An Incomplete Lutheran Summer Reading List
Summer is almost here, and with it comes summer reading lists – those suggestions from various folks of books that will help you relax while on vacation or learn a little something while enjoying a warm breeze on your porch. So, during this 500th Anniversary of the Protestant Reformation, a summer reading list of “Luther books” seems appropriate. Now, this list is by no means exhaustive, and the books on it are not in any order of preference. But, this list may provide a start for anyone who has been thinking that maybe all this Reformation stuff should be checked out.
- First, a few biographies; starting with Here I Stand: A Life of Martin Luther, by Roland H. Bainton: First published in 1950, a paperback edition is offered by Abingdon Press. Its author, Roland Bainton (1894–1984) was the recipient of many degrees, including one from Gettysburg College, a specialist in Reformation history, and long-time Yale University professor. His work, Here I Stand, has been described as both vivid and readable – two things that should be considered a “must” when picking a biography as a summer read. At 464 pages, however, it is a “long” read by 21st century standards.
- A slightly shorter work (only 316 pages) is James M. Kittleson’s 1986 book, Luther the Reformer: The Story of the Man and His Career. Kittleson (1941-2013), taught at Ohio State University for 26 years, before concluding his career as professor of church history at Luther Seminary in Saint Paul, Minnesota. First published in 1986, the 2nd edition (edited by Hans Wiersma, another religion scholar) was published in paperback by Fortress Press in October 2016. This book has earned the honor of being referred to as the “standard biography” of Martin Luther, and has been described as fair, insightful, and detailed without being overwhelming.
- Even shorter (only 224 pages), yet still well worth consideration is the work of yet another Luther scholar, Martin E. Marty, entitled Martin Luther: A Life.
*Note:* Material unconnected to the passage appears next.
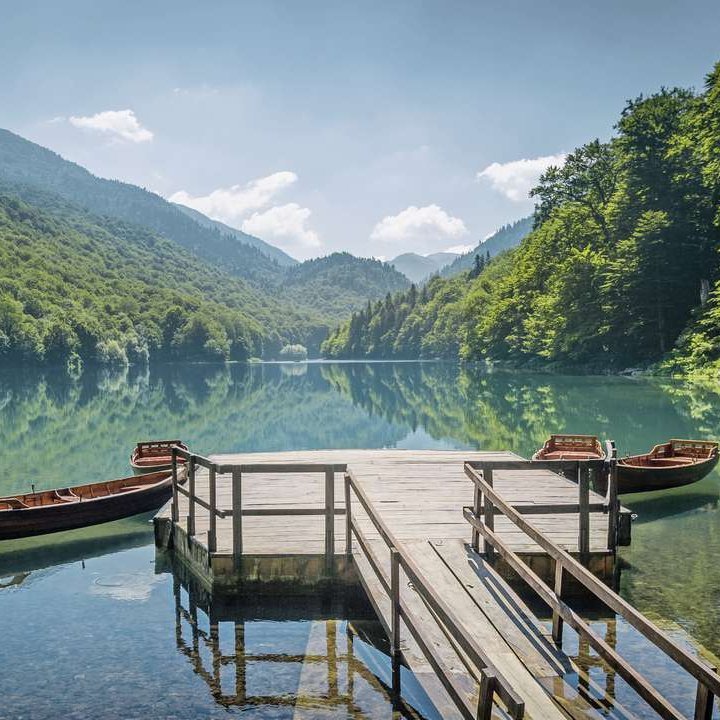 Zwei Boote liegen am Steg eines Sees in Montenegro, umgeben von majestätischen Bergen.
First published in 2004, the 2008 reprint edition is available from Penguin Books. Marty, first a Lutheran pastor, taught at the University of Chicago Divinity School From 1963 to 1998. He is still considered one of America’s more influential Lutheran scholars, and this work described by some as perhaps the best one-volume biography of Martin Luther.
- Also by Dr. Marty is a more recent work concerning the continuing impact of Luther entitled October 31, 1517: Martin Luther and the Day that Changed the World. Published in 2016 by Paraclete Press, it is only 128 pages. This book, however, is not a biography or a history. Rather, it takes a look at the issues that led Luther to post his 95 Theses, and how they continue to impact the Church and us as Christians.
Of course, if you really want to understand Luther, reading what he wrote is important. Luther, however, wrote a lot! And, reading Luther (even when translated into modern English) can often feel more like running an uphill obstacle course than taking a summer walk in the park. So, how and where do you begin? Fortunately, yet another Lutheran Pastor and Reformation scholar, Timothy J. Wengert , has edited a number of works that can help. born in Teaneck, New Jersey in 1950, Dr. Wengert was ordained in 1977. From1989 until his retirement in 2013 he served as professor of Reformation History at the Lutheran Theological Seminary at Philadelphia. While the list of books Dr. Wengert has written or edited is lengthy, the few listed below provide a good start for “reading Luther”.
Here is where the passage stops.